**DIRECTIONS FOR THIS TASK**: Which lines run from the one with "Mini vanilla cupcakes" through the end of the data? Retype them exactly, without pictures.

**INFORMATION SUPPLIED**:

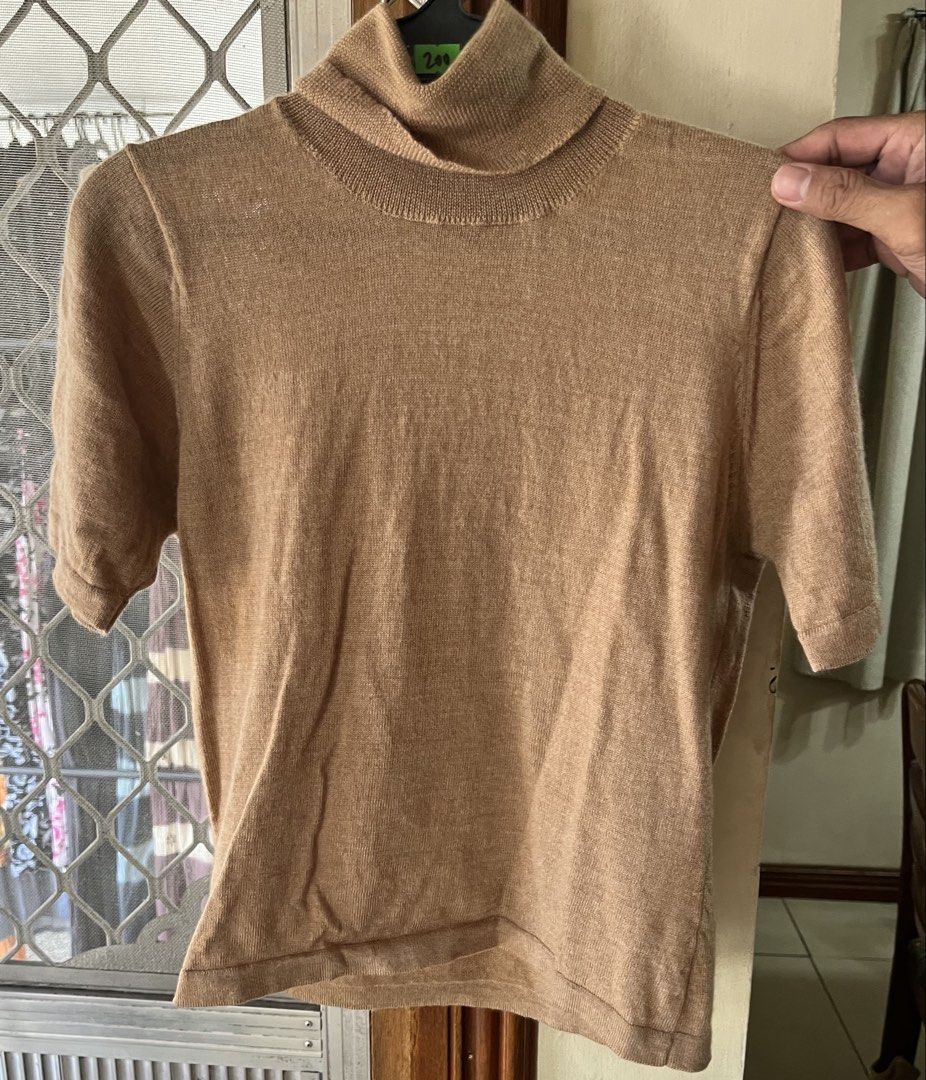 Brown top (Category: Blouses) located in Bacoor. Submitted by ayit. (Listing ID 1462718551, Image 1). Description: - Brown turtleneck top - Size: S - Soft fabric - Versatile for layering - Available for meetup in Bacoor, Cavite.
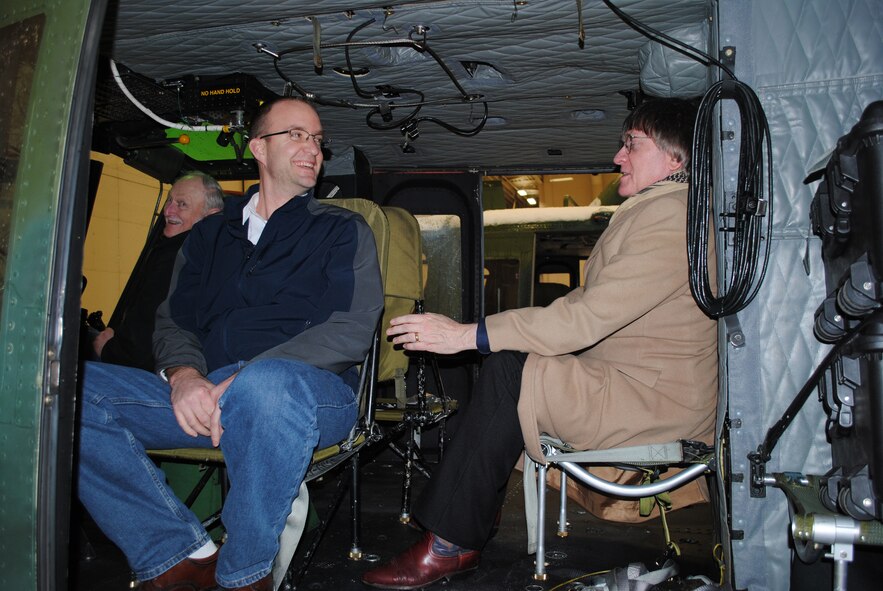 From left to right, Fred Burow, Great Falls city commissioner; Eric Bryson, Lewis and Clark County chief administrative officer; and William Bronson, city of Great Falls commissioner, get a closer look inside a UH-1N Huey helicopter during a tour of the base March 23. (U.S. Air Force photo/Airman 1st Class Katrina Heikkinen)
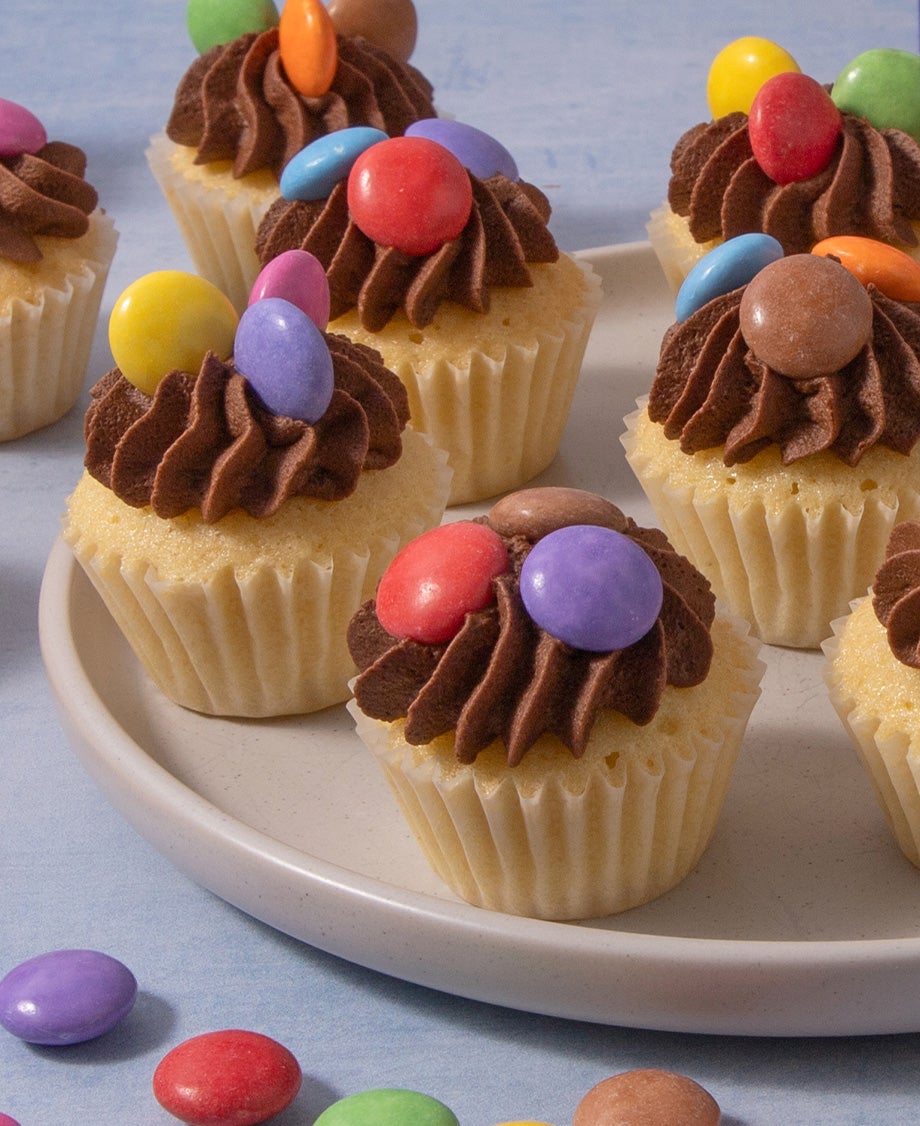 Mini vanilla cupcakes on a white plate, with chocolate buttercream piped on top and three Smarties on each one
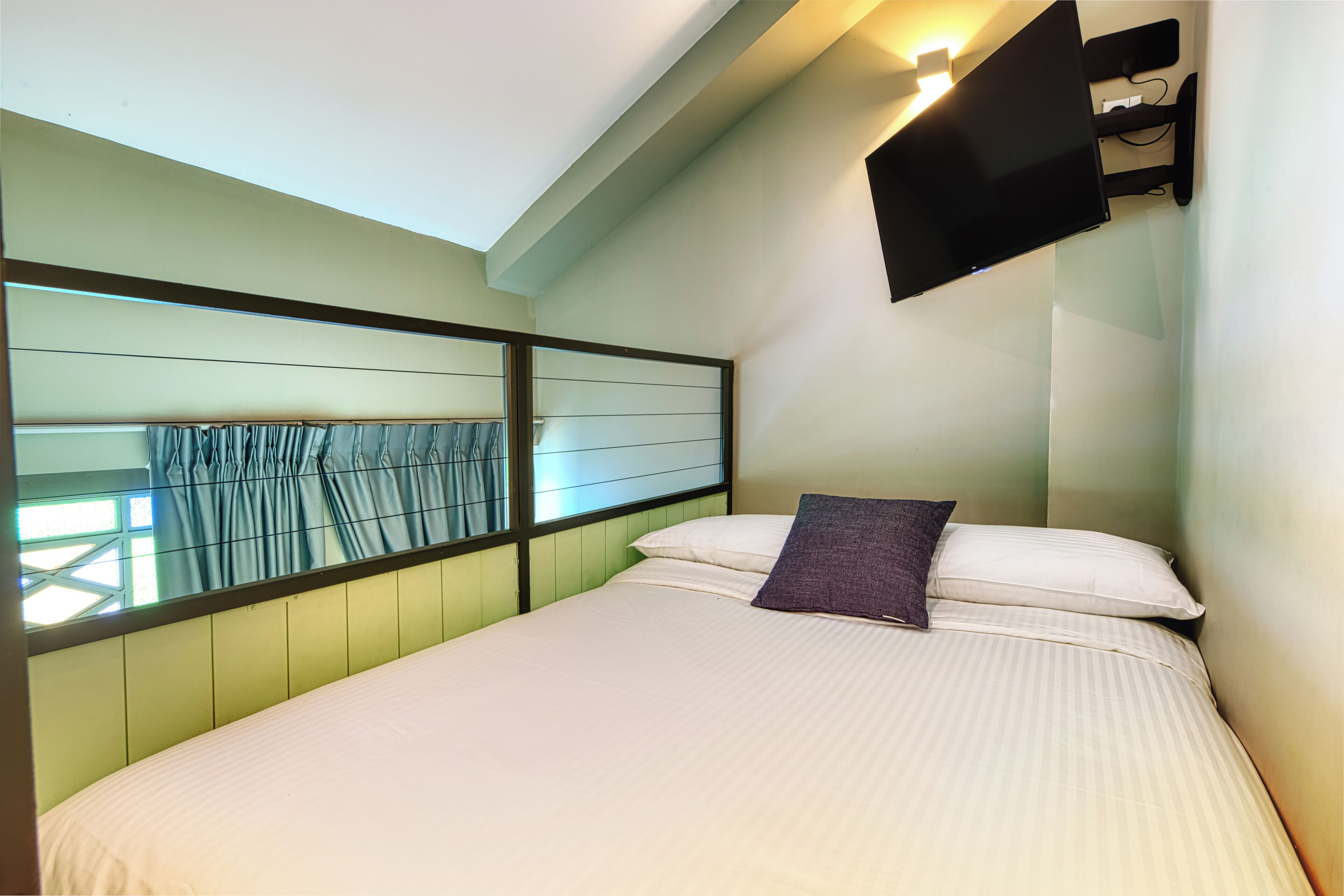 Un dormitorio con cama, ventana con cortinas, televisor montado y estante en la pared.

**ANSWER FOR THE TASK**:
 Mini vanilla cupcakes on a white plate, with chocolate buttercream piped on top and three Smarties on each one
 Un dormitorio con cama, ventana con cortinas, televisor montado y estante en la pared.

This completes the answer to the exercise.